- ASSIGNMENT
Once you reach the line with "Hippie retro: alfombrilla", transcribe it and every line after it to the end of the records, exactly, but not the pictures.

- DATASET RECORDS
== == ==
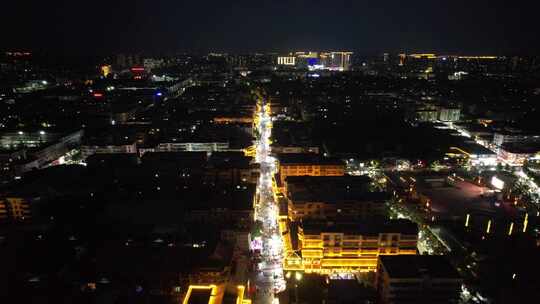 许昌曹魏古城夜景航拍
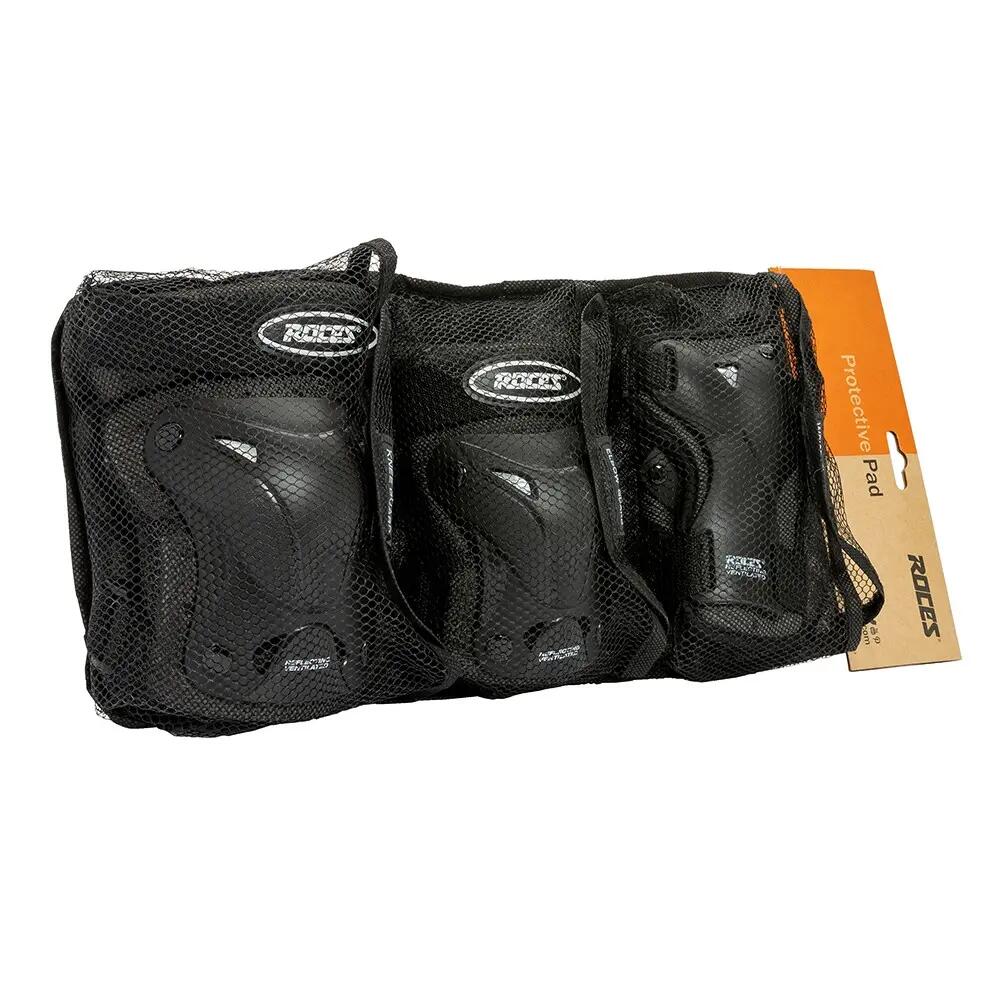 Ventilato - Protezione per pattini - Confezione da 3 - Adulti - Nero 3/6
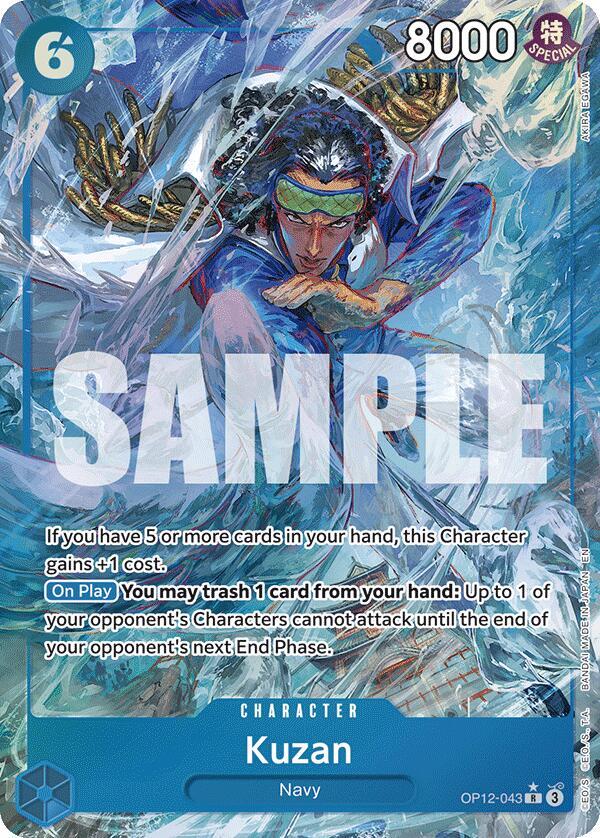 Kuzan (043) (Alternate Art) R Legacy of the Master OP12-043 NM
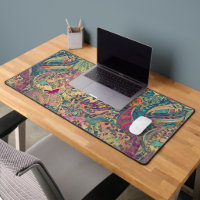 Hippie retro: alfombrilla de escritorio de fantasí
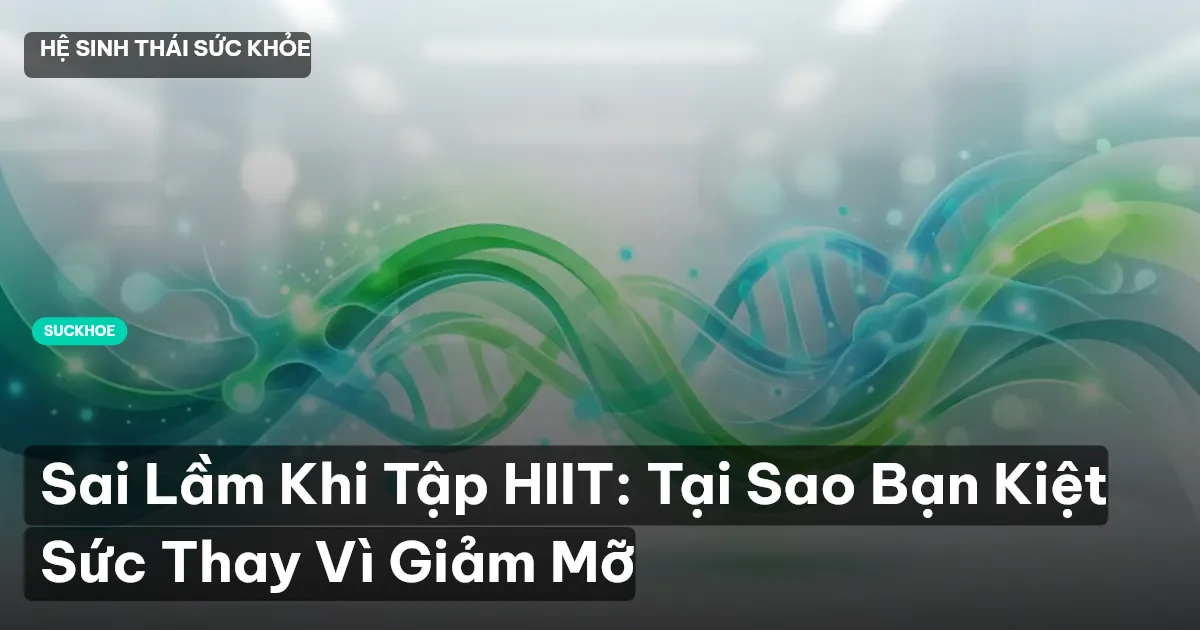 Sai Lầm Khi Tập HIIT: Tại Sao Bạn Kiệt Sức Thay Vì Giảm Mỡ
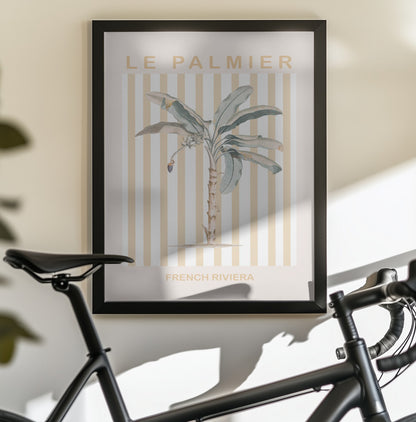 Riviera Plam Tree - Poster / Art Print - interiör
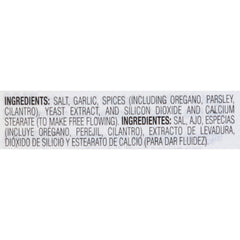 Closeup of Lawry's Casero Total Seasoning jar with no MSG added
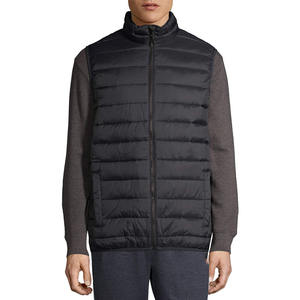 Venta al por mayor unisex chaqueta cortavientos Softshell media manga Formal Puffer chándal a prueba de viento cremallera teñida chaqueta lavada - Product Image 1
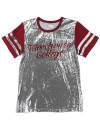 MOREHOUSE COLLEGE SCRIPT SEQUIN TEE
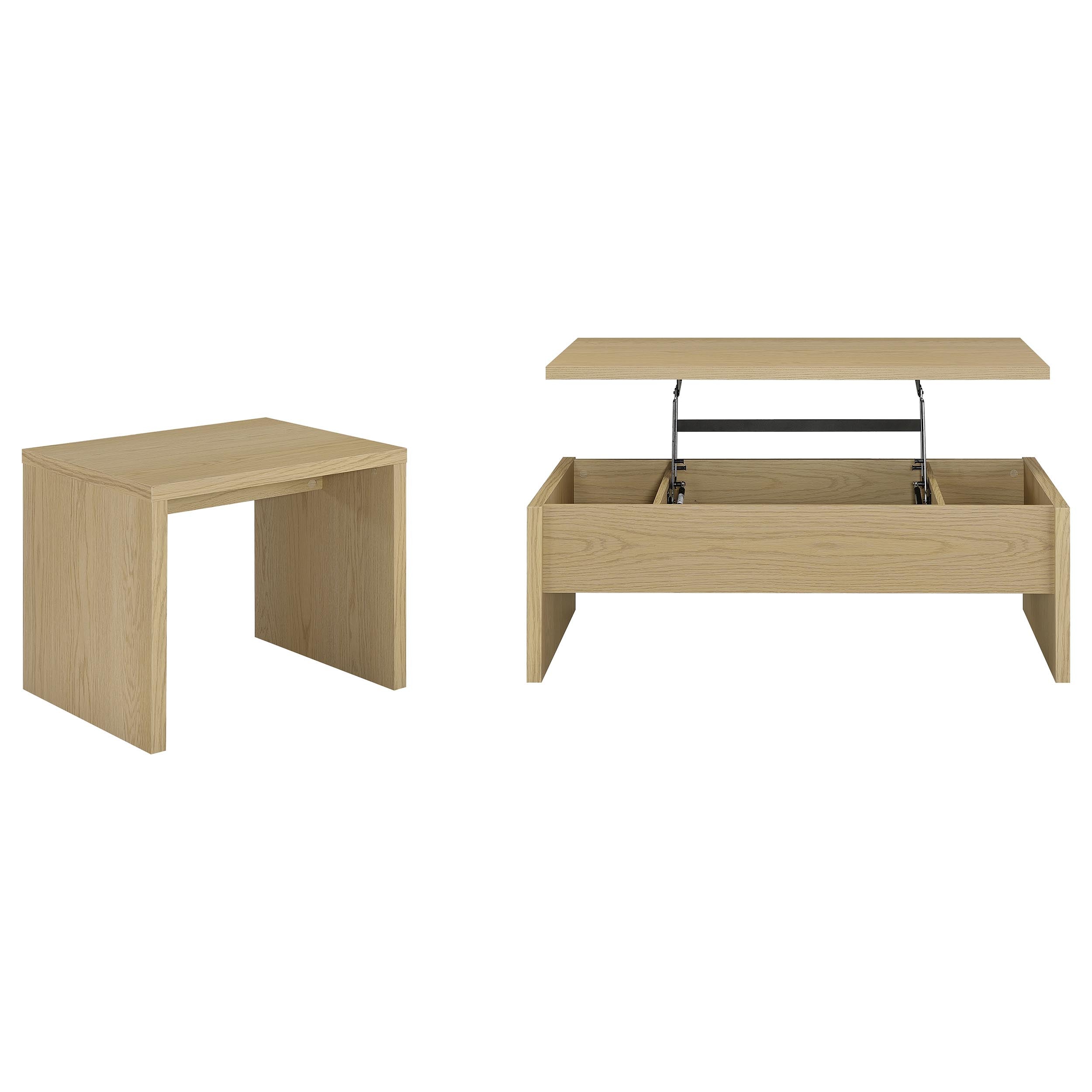Canoga Lift-Top Coffee Table Set - Ideal Furniture (Fresno,CA)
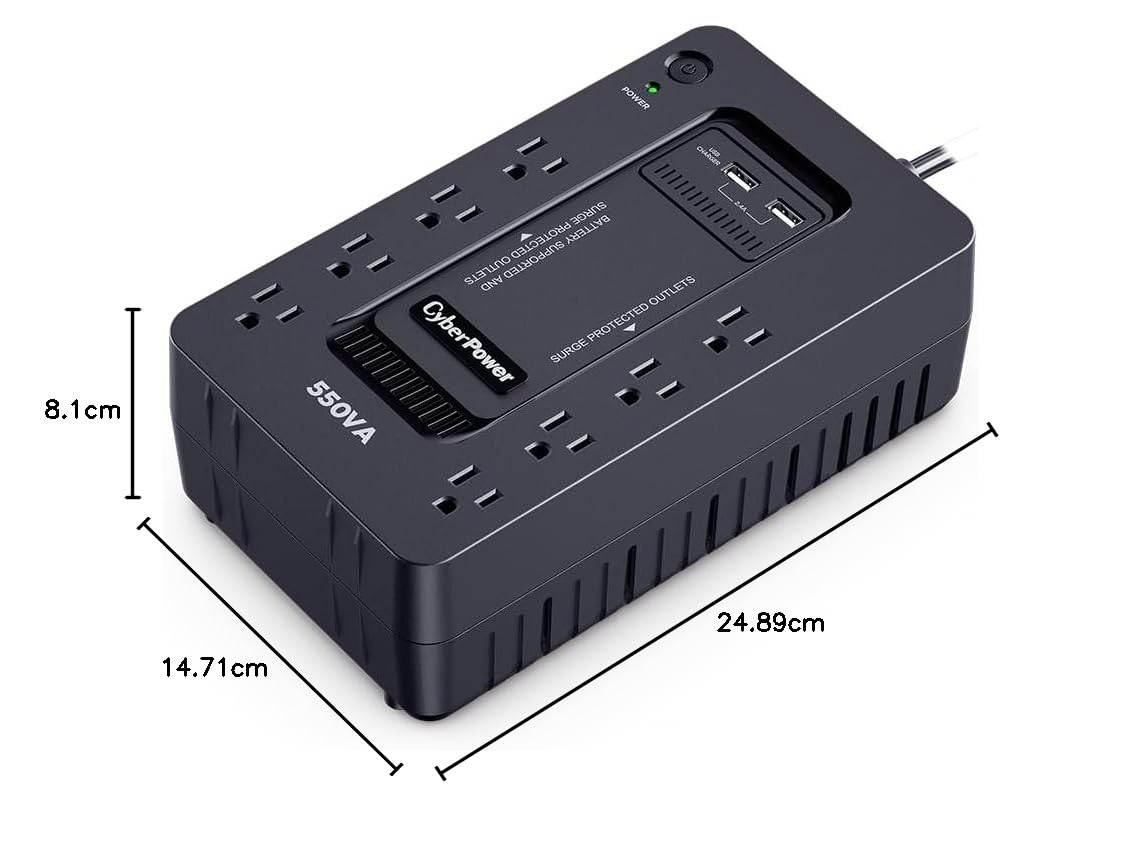 SX550UJP CyberPower UPS 無停電電源装置 常時商用給電 矩形波 550VA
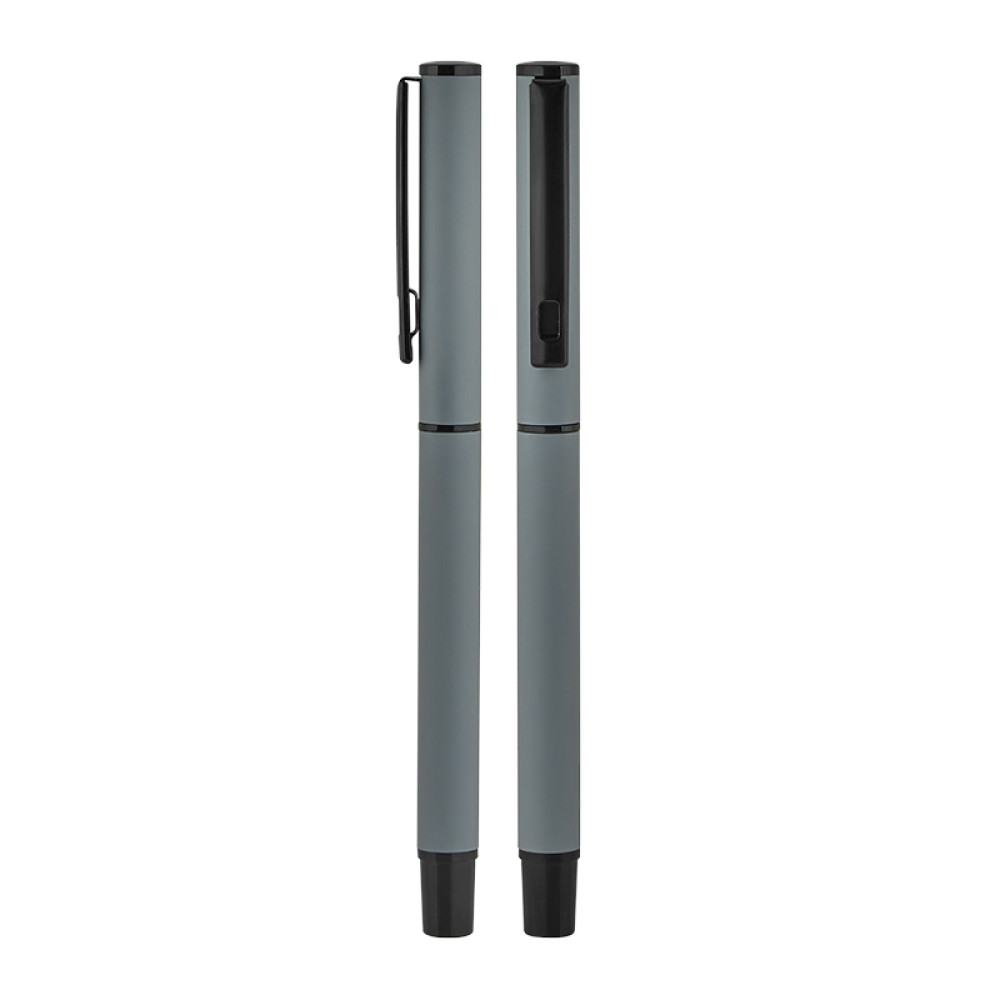 1416 METAL ROLLER RUBBER GÖVDE SÜPER JEL REFİL KALEM - Resim 5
== == ==
- WRITTEN ANSWER
 Hippie retro: alfombrilla de escritorio de fantasí
 Sai Lầm Khi Tập HIIT: Tại Sao Bạn Kiệt Sức Thay Vì Giảm Mỡ
 Riviera Plam Tree - Poster / Art Print - interiör
 Closeup of Lawry's Casero Total Seasoning jar with no MSG added
 Venta al por mayor unisex chaqueta cortavientos Softshell media manga Formal Puffer chándal a prueba de viento cremallera teñida chaqueta lavada - Product Image 1
 MOREHOUSE COLLEGE SCRIPT SEQUIN TEE
Canoga Lift-Top Coffee Table Set - Ideal Furniture (Fresno,CA)
 SX550UJP CyberPower UPS 無停電電源装置 常時商用給電 矩形波 550VA
 1416 METAL ROLLER RUBBER GÖVDE SÜPER JEL REFİL KALEM - Resim 5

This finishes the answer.